Toby Archer blogue à propos d'Helsinki et au delà à propos d'alpinisme, de ski en peau de phoque et de vélo.

La semaine dernière on est allé skier en peau de phoque, et on s’est retrouvé pris dans la tempête. Les températures ont chutées bien en dessous de zéro lorsque l’on a skié la couche de glace qui recouvre le sommet du Jiehkkevárri, la plus haute montagne de Norvège. Je me souviens m’être posé des questions à propos de ma nouvelle veste Neoshell, qui est tellement respirante, qu’elle ne coupe plus vraiment le vent. En tous cas, on n’avait pas l’impression que c’est l’été qui approche.

Frappés par des vents violents

A la fin du week-end on a pris la direction du Sud et après 15 heures de road-trip jusqu’à Helsinki, on était surpris de voir les premières feuilles pousser sur les arbres. Nous avions l’impression que l’été avait duré une semaine et que nous étions passé à côté. Je me sentais presque un peu mélancolique en rangeant mes skis et mon équipement d’hiver au fond du garage. C’était juste avant minuit, l’air était tiède et on pouvait encore apercevoir une lueur orange dans le ciel du nord.

Les saisons sont un état d’esprit

Quand on vit à l’extérieur, les saisons sont un véritable état d’esprit. Je connais des grimpeurs Finlandais qui se mettent à grimper sur des blocs trop raides pour que la neige puisse tenir dessus, dès l’arrivée des premiers rayons de soleil en février. Je connais aussi des alpinistes écossais qui vont aller escalader la plus haute face nord du Ben Nevis à la recherche des derniers bouts de glace alors que les fleurs sont déjà en train d’éclore dans la vallée en contre bas.

En tant qu’alpiniste, pour moi, c’est l’hiver quand je suis en train de grimper avec mon piolet, et c’est l’été quand j’ai les pieds dans les chaussons d’escalade et les mains pleines de magnésie. Et pourtant c’est le même soleil qui fait fondre la neige et la glace sur les routes. Maintenant je vais pouvoir sortir mon vélo de route de son hibernation tandis que la veille neige, lourde et sale, empêche toujours le passage des mountain bikes sur les pistes ombragées des forêts.

Un antidépresseur d'automne

L’automne est souvent la période de l’année où je pratique le mountain bike; à cette période le temps est trop humide pour faire de l’escalade et pas assez froid pour faire du ski. C’est le parfait antidépresseur à un moment de l’année où la couverture nuageuse s’épaissit, les jours raccourcissent et où le monde devient marron et boueux.

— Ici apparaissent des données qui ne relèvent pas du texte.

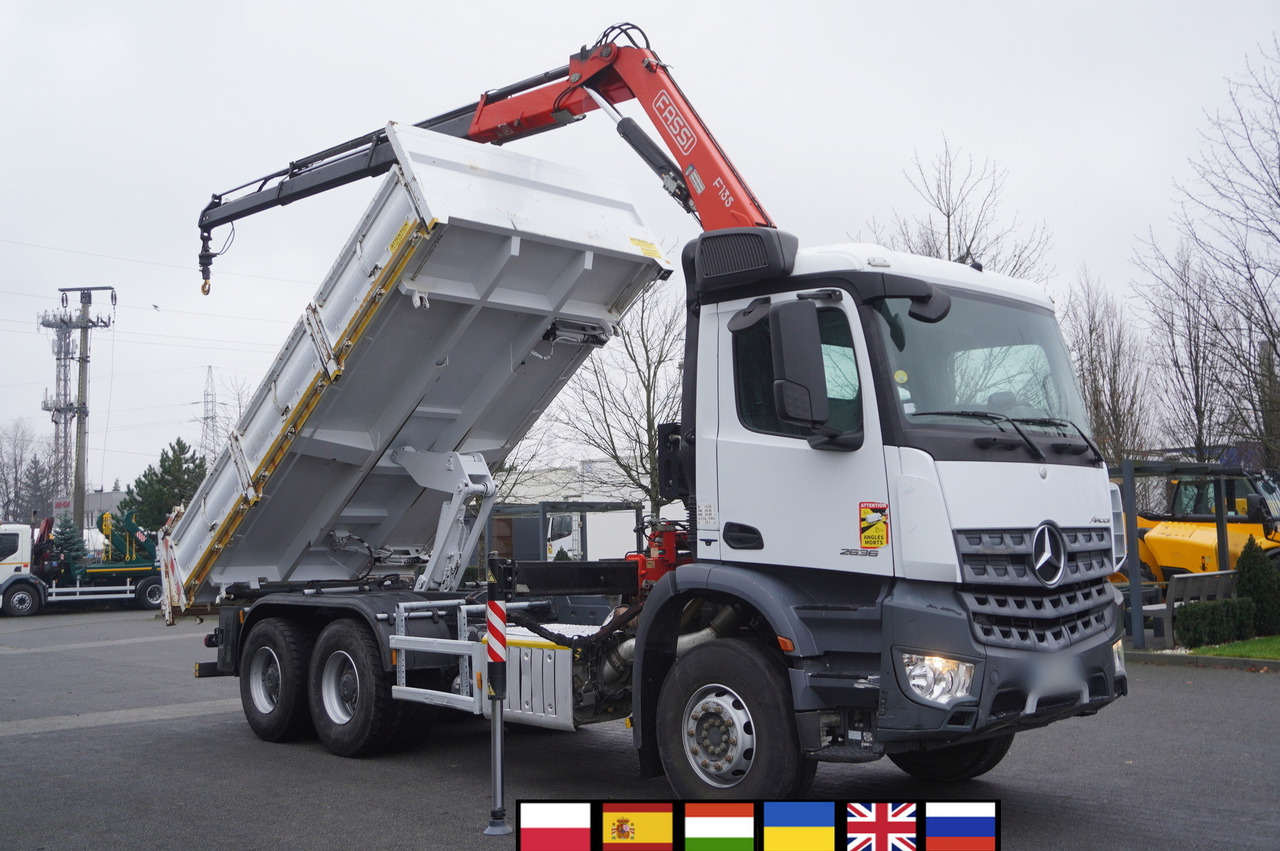 MERCEDES-BENZ Arocs 2636 6x4 / 2-way tipper / Fassi F135A.0.23 / remote control / Rotator - Самосвал, Автоманипулятор: фото 1 MERCEDES-BENZ Arocs 2636 6x4 / 2-way tipper / Fassi F135A.0.23 / remote control / Rotator - Самосвал, Автоманипулятор: фото 1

Les premières journées d’escalade avant noël, sur de la glace encore fragile, coincées entre un lever du jour tardif et un soleil de novembre qui se couche tôt, n’ont rien à voir celles, gorgées de soleil et de glace épaisse du mois d’avril, ni avec ces journées de cramponnage sur les pentes bien glacées dans les montagnes de l’Arctique du mois de mai, même si le matériel reste le même.


Ranger son piolet

L’hiver a été particulièrement long cette année, mais je ne vais pas m’en plaindre. Mon piolet va pouvoir prendre la poussière pendant quelques mois, c’est le moment d’aller passer du temps au soleil. Le lac et la mer sont désormais libres de glace. On va pouvoir renouer avec les chaudes randonnées à vélo qui roulent bien.
Maintenant que les falaises sont sèches, on va pouvoir passer du temps au soleil sur les blocs, avec les doigts pleins de poudre et les pieds dans les chaussons en latex.

Peu importe le type d’aventure qui vous passionne, l’été est là, et c’est un peu comme avec le temps, c’est votre état d’esprit qui compte.